# Any 09 Felt F2 SL/F3 SL Reviews?



## Farmer Tan (Jan 25, 2009)

Interested in these bikes & wondering if any of you rode the 2009s. If so, feedback is much appreciated.


----------



## noahknoll (Dec 5, 2008)

I have been riding my 09 F3 SL for about 2 months now and I love it. I really don't have too much to base the review off of, as it is my first high end road bike, but I know my SRAM equipment shifts like a dream. Never have had any problems with it. Stiff, Light, Fast.
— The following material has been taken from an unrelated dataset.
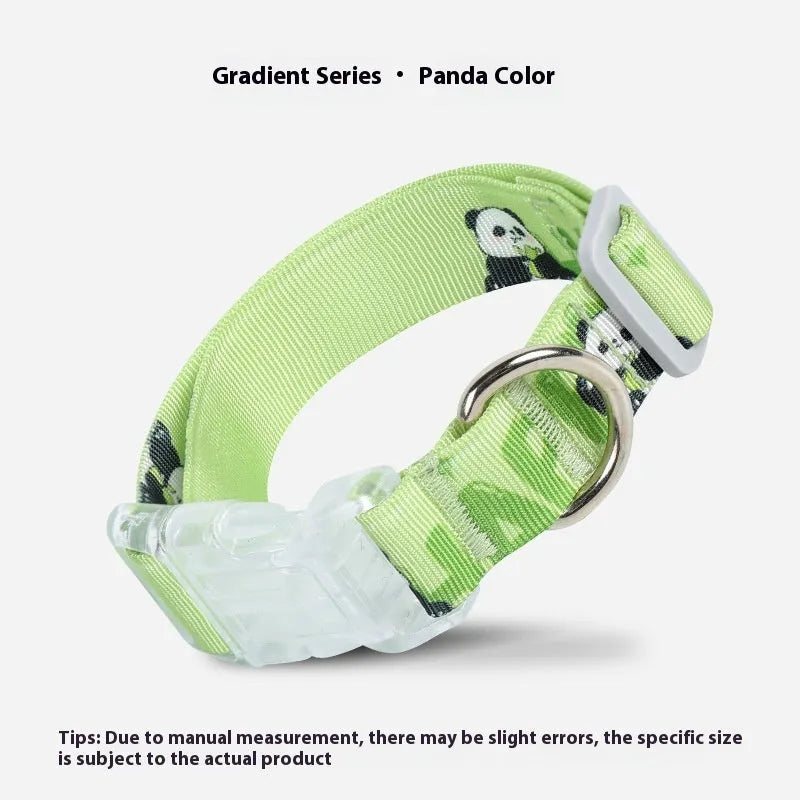Adjustable nylon dog collar with cartoon gradient printing in gradient colour, suitable for dogs 2.00kg to 10.00kg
The only problem i have had with it is a small chip in the clear coat on the left side chain stay, probably from hitting it with my shoe once (my bad.) But after i touched it up, no problems.


----------



## Farmer Tan (Jan 25, 2009)

Thanks for the input.

If anyone has any other year F3 or 2, I'd be happy to hear your input.

Or even an F1.


----------



## brentster (Jul 12, 2007)

Any year? Cool!

I'd put my 2006 against anything. Mine has Dura Ace, carbon cranks, seat post and bars. Its very satisfying blowing by all the sheep on their Tarmacs and Madones, although those are fine bikes as well.


----------



## Damien (Apr 2, 2009)

*F4 felt*

Just toook ownership of a F4 SL, very slick fast and love it. Highly recommend Felt and I'm not a sales person.


----------



## Farmer Tan (Jan 25, 2009)

I was close to pulling the trigger on a Madone 5.2, BUT, the Felts are looking better every day.

Thanks for the feedback so far.


----------



## chuggets (Apr 30, 2009)

Here is a thorough review of the F3SL 2009 model by a respected name in the bike industry. http://www.bikesportmichigan.com/reviews/felt2009F3SL.shtml

Cheers


----------